GlottDNN-based spectral tilt analysis of tense voice emotional styles for the expressive 3D numerical synthesis of vowel [a]

Marc Freixes, Marc Arnela, Francesc Alías, Joan Claudi Socoró
Publisher
ISCA
Conference
10th ISCA Speech Synthesis Workshop (SSW10)
Year
2019
Month
September
First page
132
Last page
136
City
Vienna
Country
Austria
Tipus Publicació
Proceedings

Three-dimensional (3D) acoustic models allow for an accurate modelling of acoustic wave propagation in 3D realistic vocal tracts. However, voice generated by these approaches is still limited in terms of expressiveness, which could be improved through proper modifications of the glottal source excitation.
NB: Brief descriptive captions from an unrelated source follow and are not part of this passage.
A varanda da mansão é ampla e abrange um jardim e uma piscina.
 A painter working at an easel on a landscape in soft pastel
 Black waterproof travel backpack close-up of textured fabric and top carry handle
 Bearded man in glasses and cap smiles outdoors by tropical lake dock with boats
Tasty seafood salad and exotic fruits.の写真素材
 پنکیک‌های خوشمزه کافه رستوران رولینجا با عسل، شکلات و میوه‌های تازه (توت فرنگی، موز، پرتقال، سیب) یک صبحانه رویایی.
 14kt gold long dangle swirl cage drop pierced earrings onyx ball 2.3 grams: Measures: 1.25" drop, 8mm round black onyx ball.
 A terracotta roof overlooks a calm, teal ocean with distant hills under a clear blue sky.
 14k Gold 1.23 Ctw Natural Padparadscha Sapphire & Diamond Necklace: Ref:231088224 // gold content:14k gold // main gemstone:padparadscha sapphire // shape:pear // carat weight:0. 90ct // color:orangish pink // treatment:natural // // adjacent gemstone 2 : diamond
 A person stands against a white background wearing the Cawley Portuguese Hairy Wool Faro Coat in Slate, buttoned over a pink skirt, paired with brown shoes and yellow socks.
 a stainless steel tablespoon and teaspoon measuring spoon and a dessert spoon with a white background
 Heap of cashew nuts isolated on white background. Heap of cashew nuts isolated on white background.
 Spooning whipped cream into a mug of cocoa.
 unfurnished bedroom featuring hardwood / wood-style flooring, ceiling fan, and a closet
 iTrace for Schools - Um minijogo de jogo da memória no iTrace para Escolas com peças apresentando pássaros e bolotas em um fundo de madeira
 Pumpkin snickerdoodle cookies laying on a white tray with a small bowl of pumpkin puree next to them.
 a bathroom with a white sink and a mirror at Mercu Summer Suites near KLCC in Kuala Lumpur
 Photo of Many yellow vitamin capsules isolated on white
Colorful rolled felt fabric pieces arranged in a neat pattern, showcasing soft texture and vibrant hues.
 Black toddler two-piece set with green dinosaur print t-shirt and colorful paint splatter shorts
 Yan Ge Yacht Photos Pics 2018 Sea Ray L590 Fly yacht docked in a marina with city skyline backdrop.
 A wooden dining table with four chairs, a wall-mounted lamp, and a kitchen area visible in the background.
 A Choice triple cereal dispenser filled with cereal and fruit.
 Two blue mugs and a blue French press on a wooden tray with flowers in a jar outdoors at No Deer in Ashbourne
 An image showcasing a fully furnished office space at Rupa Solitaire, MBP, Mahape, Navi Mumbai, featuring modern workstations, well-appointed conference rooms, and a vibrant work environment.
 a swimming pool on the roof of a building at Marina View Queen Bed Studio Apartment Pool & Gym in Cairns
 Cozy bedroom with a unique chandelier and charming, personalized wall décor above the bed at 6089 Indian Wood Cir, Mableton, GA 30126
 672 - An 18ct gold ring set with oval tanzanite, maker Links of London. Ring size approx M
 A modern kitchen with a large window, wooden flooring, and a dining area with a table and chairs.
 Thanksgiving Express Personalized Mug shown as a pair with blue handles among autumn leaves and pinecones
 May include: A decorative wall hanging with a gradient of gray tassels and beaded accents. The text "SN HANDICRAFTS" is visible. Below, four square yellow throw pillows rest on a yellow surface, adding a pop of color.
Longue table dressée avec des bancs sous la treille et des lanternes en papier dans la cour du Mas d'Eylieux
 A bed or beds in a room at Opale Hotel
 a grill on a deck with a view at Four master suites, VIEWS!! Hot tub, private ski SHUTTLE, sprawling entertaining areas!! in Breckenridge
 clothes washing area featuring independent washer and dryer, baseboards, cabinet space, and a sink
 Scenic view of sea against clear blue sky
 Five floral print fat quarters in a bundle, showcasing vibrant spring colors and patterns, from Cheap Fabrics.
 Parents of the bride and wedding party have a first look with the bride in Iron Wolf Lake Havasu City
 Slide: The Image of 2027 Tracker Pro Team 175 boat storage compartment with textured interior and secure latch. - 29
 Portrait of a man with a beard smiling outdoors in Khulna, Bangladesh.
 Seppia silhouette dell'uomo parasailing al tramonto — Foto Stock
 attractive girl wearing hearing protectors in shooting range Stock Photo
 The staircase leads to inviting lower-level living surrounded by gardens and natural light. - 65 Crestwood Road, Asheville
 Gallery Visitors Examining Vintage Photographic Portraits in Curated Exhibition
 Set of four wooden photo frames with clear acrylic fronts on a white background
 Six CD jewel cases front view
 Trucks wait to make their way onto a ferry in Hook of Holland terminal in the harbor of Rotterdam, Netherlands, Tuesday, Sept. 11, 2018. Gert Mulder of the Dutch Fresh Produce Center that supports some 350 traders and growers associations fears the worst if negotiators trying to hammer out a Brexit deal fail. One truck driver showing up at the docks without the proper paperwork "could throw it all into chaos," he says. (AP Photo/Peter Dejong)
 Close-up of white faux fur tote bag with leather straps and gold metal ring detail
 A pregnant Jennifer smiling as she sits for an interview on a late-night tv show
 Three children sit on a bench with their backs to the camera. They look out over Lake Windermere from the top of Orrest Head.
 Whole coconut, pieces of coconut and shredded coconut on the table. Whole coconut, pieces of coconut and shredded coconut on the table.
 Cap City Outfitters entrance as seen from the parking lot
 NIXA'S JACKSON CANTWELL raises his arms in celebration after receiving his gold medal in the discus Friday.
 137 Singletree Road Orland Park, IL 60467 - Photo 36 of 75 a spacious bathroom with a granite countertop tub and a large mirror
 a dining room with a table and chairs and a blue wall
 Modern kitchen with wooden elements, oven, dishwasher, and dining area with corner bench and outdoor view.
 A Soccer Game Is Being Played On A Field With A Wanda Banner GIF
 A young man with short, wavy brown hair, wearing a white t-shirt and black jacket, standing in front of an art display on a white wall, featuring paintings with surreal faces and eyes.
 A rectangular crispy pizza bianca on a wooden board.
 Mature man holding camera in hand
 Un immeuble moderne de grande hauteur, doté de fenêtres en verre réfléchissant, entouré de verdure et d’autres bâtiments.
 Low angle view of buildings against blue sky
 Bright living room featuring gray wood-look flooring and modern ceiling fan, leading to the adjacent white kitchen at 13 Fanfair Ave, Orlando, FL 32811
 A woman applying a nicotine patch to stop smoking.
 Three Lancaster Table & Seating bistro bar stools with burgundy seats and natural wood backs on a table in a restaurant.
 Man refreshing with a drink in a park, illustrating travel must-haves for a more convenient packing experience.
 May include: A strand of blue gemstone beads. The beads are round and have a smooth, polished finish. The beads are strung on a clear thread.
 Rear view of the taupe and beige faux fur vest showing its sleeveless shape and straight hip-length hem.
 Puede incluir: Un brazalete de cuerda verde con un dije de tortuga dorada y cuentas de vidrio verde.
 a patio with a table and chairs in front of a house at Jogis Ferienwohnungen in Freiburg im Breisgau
This work aims at adding some expressiveness to a 3D numerical synthesis approach based on the Finite Element Method (FEM) that uses as input an LF (Liljencrants-Fant) model controlled by the glottal shape parameter Rd . To that effect, a parallel Spanish speech corpus containing neutral and tense voice emotional styles is analysed with the GlottDNN vocoder, obtaining F0 and spectral tilt parameters associated with the glottal excitation. The variations of these two parameters are computed for happy and aggressive styles with reference to neutral speech, differentiating between stressed and unstressed vowels [a]. From this analysis, F0 and Rd values are then derived and used in the LF-FEM based synthesis of vowels [a] to resemble the aforementioned expressive styles. Results show that it is necessary to increase F0 and decrease Rd with respect to neutral speech, with larger deviations for happy than aggressive style, especially for the stressed vowels.